Hi Jeremy and Ross

I agree that the current chaining mechanism would get very long after even a few steps.

Ususally the most important information is the first and last step
E.g.
The TopHat run should be called 
TopHat on SOLiD 24A

The alignment stats should be 
SAM/BAM Summary Metrics of Solid 24A
With the rest of the tools in the chain identified in the "more information" box.

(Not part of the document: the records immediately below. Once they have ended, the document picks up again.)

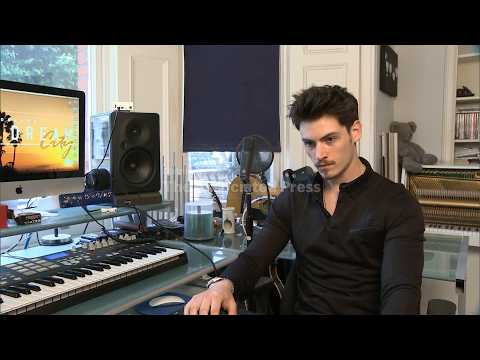 David Stewart interview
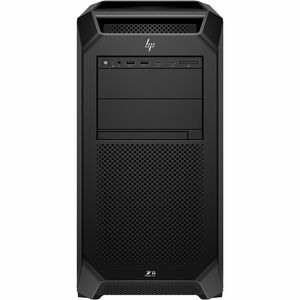 Z8 G5 Tower Xeon W9-3475 128GB DDR5-ECC-4800 2TB PCI-SSD 4GB HDD-7200 48GB RTX-A6000ada 1450W-PSU Windows 11 Pro 3/3/3 Warranty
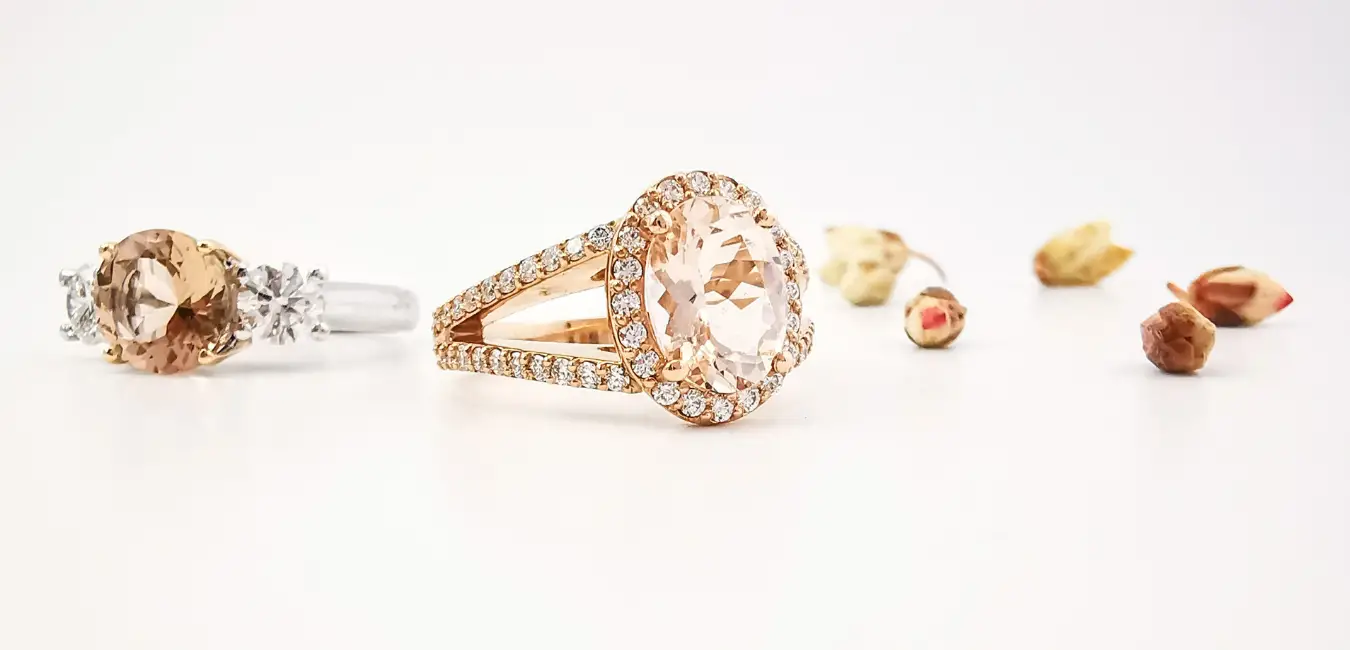 Michael Wilson Diamond Jewellers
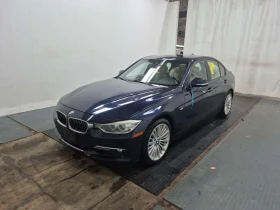 BMW 335 * xDrive * CARFAX * Сервизна история *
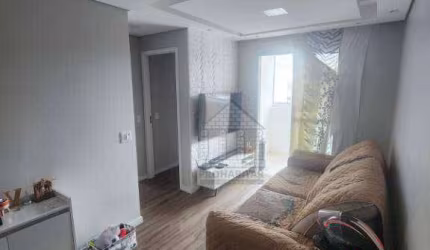 Apartamento com 2 quartos à venda em Americanópolis
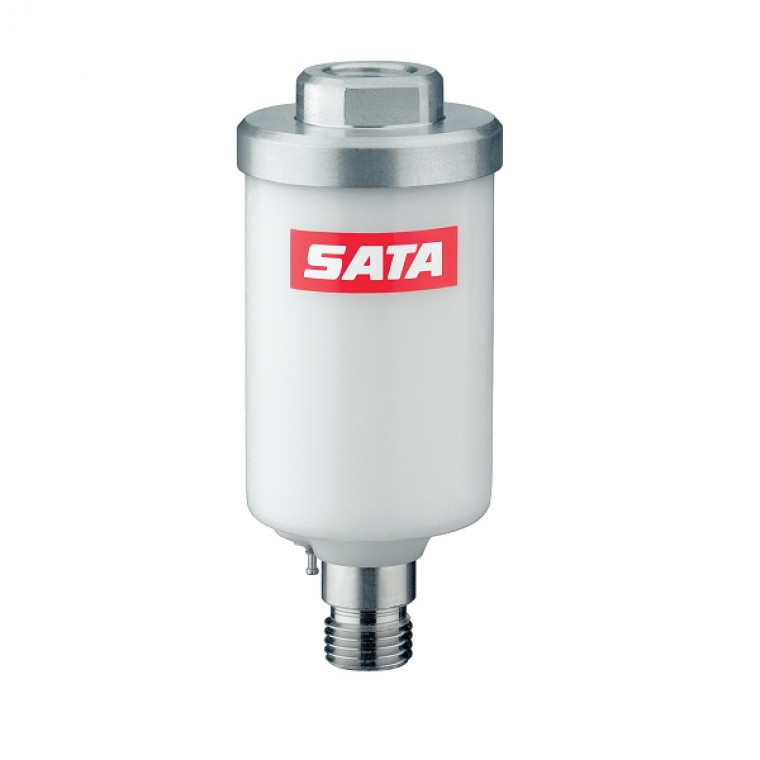 Мини-фильтр SATA влагоотделительный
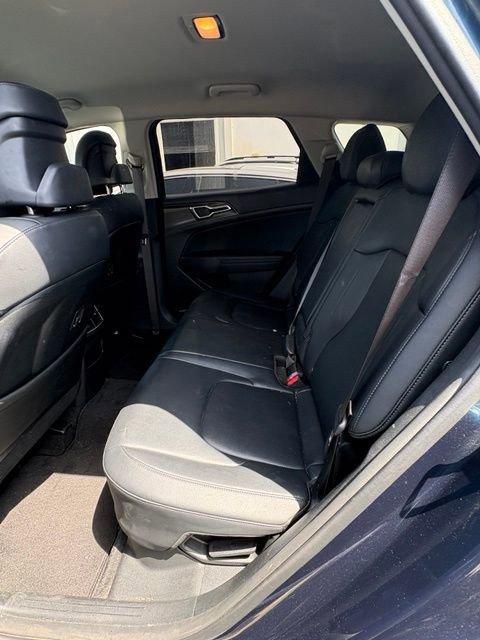 Certified 2023 Kia Sportage EX AWD/4WD image 9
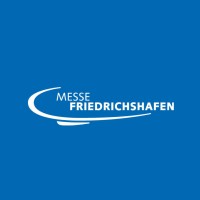 Messe Friedrichshafen GmbH logo - Similar company to Fakuma Messe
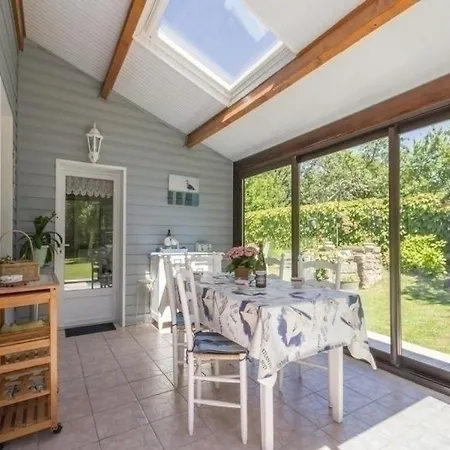 9 Vila Saint-Molf
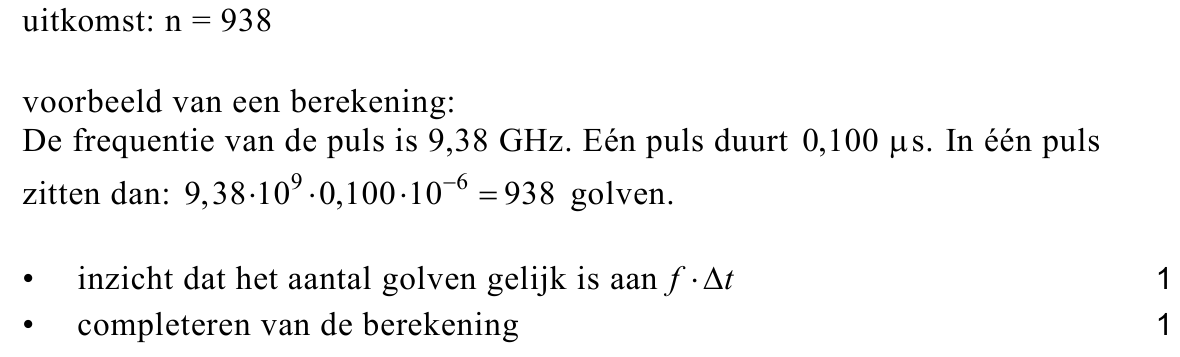 beoordelingsmodel vraag 2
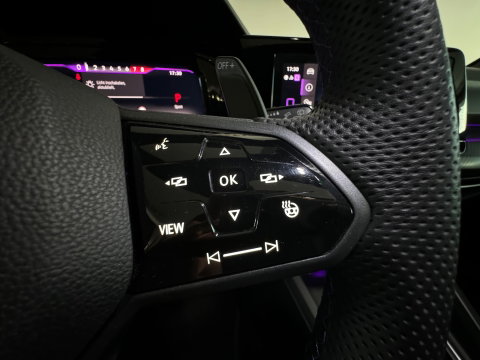 Volkswagen Golf 2.0 TSI R 4M Performance Pano|H/K|Akra|Drift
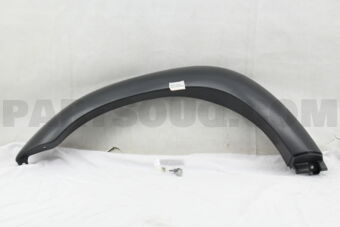 Toyota 5308860906 EXTENSION SUB-ASSY, FRONT WHEEL OPENING, LH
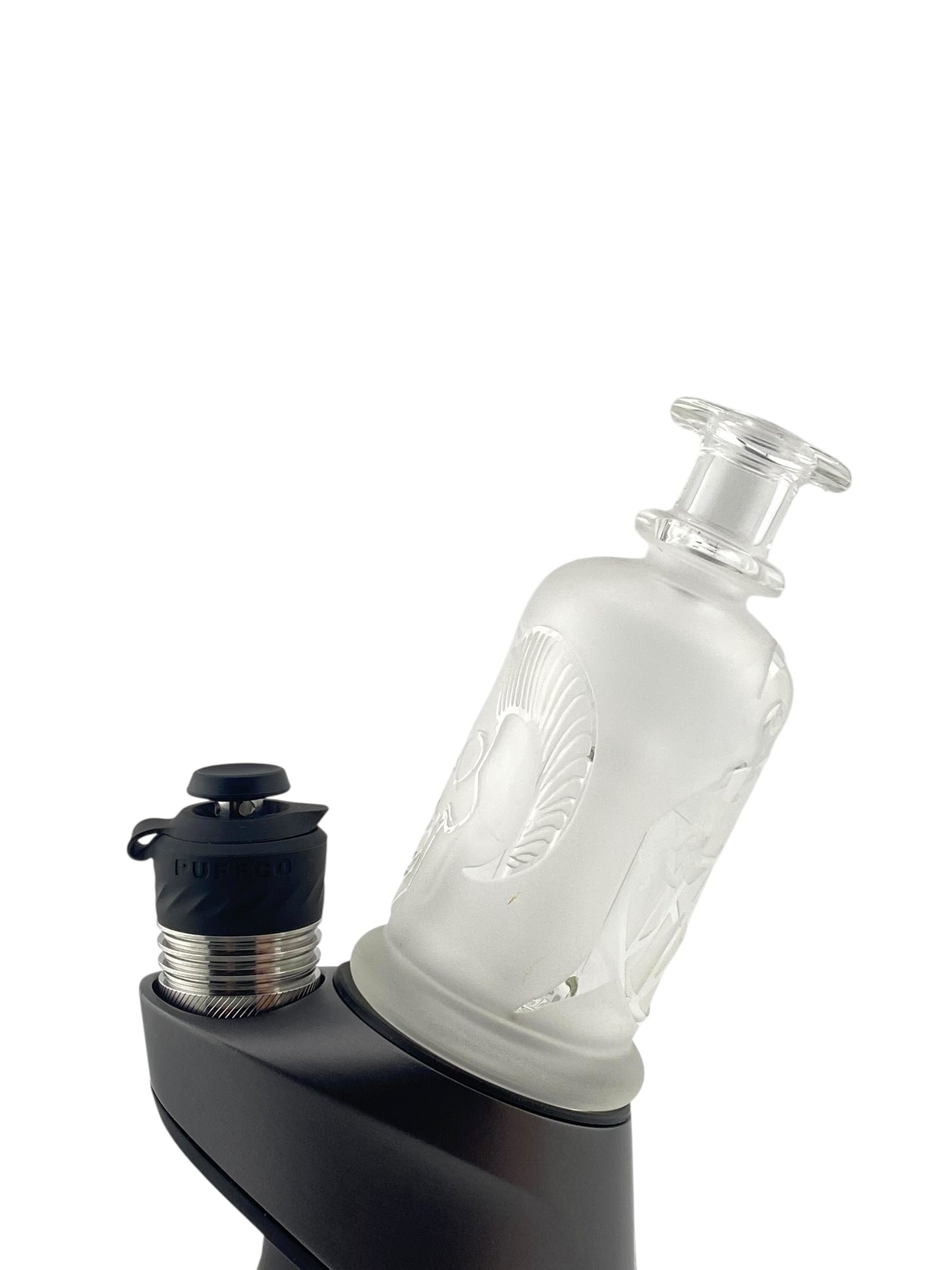 Dawg House Peak Attachment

This would also give graph generating tools a fighting chance to present something useful in any graphs generated.
E.g.
GC Bias Plot of Solid 24A could have a title of Solid 24A instead of dataset_234.dat

What do you think of this first-last model?

Brad

--
Brad Langhorst
New England Biolabs
langhorst@neb.com



From: Jeremy Goecks <jeremy.goecks@emory.edu>
Date: Tue, 31 Jan 2012 09:00:38 -0500
To: Brad Langhorst <langhorst@neb.com>
Cc: "galaxy-dev@lists.bx.psu.edu" <galaxy-dev@lists.bx.psu.edu>
Subject: Re: [galaxy-dev] naming of history steps

Brad,

But I think it might be a lot easier to manage if step names were based on the titles of the history items instead of "data 2" or whatever. 
 
Has this been tried and rejected for some reason? 

It's been tried and rejected because dataset names get very long and unwieldy. E.g. "Sam/Bam Alignment Summary Metrics on Tophat on Filter FASTQ on my_rna_seq_reads"

Would a pull request implementing this change be welcomed?

What we imagine would help is a way to easily show/find a dataset's analysis path -- its parents and its decendants -- so that it's possible to trace the datasets/tools used to create a dataset and the tools/datasets subsequently used. 

This is something we'd like to do but haven't put much effort into yet. Community contributions in this space would be great.

Best,
J.